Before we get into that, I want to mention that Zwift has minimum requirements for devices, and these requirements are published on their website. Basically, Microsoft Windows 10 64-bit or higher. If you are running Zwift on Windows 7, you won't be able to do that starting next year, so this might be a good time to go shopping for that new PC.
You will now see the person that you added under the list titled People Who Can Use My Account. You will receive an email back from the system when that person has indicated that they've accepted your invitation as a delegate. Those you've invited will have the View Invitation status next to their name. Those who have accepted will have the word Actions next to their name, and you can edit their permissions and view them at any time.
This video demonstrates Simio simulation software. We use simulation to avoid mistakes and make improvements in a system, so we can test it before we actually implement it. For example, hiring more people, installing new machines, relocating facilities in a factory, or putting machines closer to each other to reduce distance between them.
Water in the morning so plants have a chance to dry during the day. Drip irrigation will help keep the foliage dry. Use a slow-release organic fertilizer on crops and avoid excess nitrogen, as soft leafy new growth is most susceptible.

———

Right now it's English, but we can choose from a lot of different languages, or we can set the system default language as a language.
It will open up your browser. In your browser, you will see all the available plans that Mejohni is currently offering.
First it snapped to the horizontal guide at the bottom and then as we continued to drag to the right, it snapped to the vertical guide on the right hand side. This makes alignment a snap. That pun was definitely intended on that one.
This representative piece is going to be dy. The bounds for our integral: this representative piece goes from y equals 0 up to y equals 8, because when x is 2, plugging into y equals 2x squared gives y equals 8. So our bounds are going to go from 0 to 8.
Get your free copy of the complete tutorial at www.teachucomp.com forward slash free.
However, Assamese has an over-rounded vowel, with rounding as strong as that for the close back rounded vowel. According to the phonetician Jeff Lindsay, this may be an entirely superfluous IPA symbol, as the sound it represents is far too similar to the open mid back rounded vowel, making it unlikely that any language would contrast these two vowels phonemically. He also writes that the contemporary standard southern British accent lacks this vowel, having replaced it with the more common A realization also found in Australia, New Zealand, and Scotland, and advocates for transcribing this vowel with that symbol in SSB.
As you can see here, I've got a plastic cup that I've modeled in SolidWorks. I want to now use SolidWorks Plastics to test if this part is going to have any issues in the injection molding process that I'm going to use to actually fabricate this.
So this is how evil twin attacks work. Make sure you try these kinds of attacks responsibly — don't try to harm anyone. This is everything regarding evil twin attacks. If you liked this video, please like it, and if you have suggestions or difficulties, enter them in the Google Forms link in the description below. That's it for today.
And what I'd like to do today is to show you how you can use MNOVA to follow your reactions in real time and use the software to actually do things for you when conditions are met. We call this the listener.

———

## ASSIGNMENT
An exact copy of the lines above, from the one containing "Right now it's" down to the one containing "And what I'd" and including both, is the whole answer; retype it and nothing else.

## SOLUTION TO THE EXERCISE
Right now it's English, but we can choose from a lot of different languages, or we can set the system default language as a language.
It will open up your browser. In your browser, you will see all the available plans that Mejohni is currently offering.
First it snapped to the horizontal guide at the bottom and then as we continued to drag to the right, it snapped to the vertical guide on the right hand side. This makes alignment a snap. That pun was definitely intended on that one.
This representative piece is going to be dy. The bounds for our integral: this representative piece goes from y equals 0 up to y equals 8, because when x is 2, plugging into y equals 2x squared gives y equals 8. So our bounds are going to go from 0 to 8.
Get your free copy of the complete tutorial at www.teachucomp.com forward slash free.
However, Assamese has an over-rounded vowel, with rounding as strong as that for the close back rounded vowel. According to the phonetician Jeff Lindsay, this may be an entirely superfluous IPA symbol, as the sound it represents is far too similar to the open mid back rounded vowel, making it unlikely that any language would contrast these two vowels phonemically. He also writes that the contemporary standard southern British accent lacks this vowel, having replaced it with the more common A realization also found in Australia, New Zealand, and Scotland, and advocates for transcribing this vowel with that symbol in SSB.
As you can see here, I've got a plastic cup that I've modeled in SolidWorks. I want to now use SolidWorks Plastics to test if this part is going to have any issues in the injection molding process that I'm going to use to actually fabricate this.
So this is how evil twin attacks work. Make sure you try these kinds of attacks responsibly — don't try to harm anyone. This is everything regarding evil twin attacks. If you liked this video, please like it, and if you have suggestions or difficulties, enter them in the Google Forms link in the description below. That's it for today.
And what I'd like to do today is to show you how you can use MNOVA to follow your reactions in real time and use the software to actually do things for you when conditions are met. We call this the listener.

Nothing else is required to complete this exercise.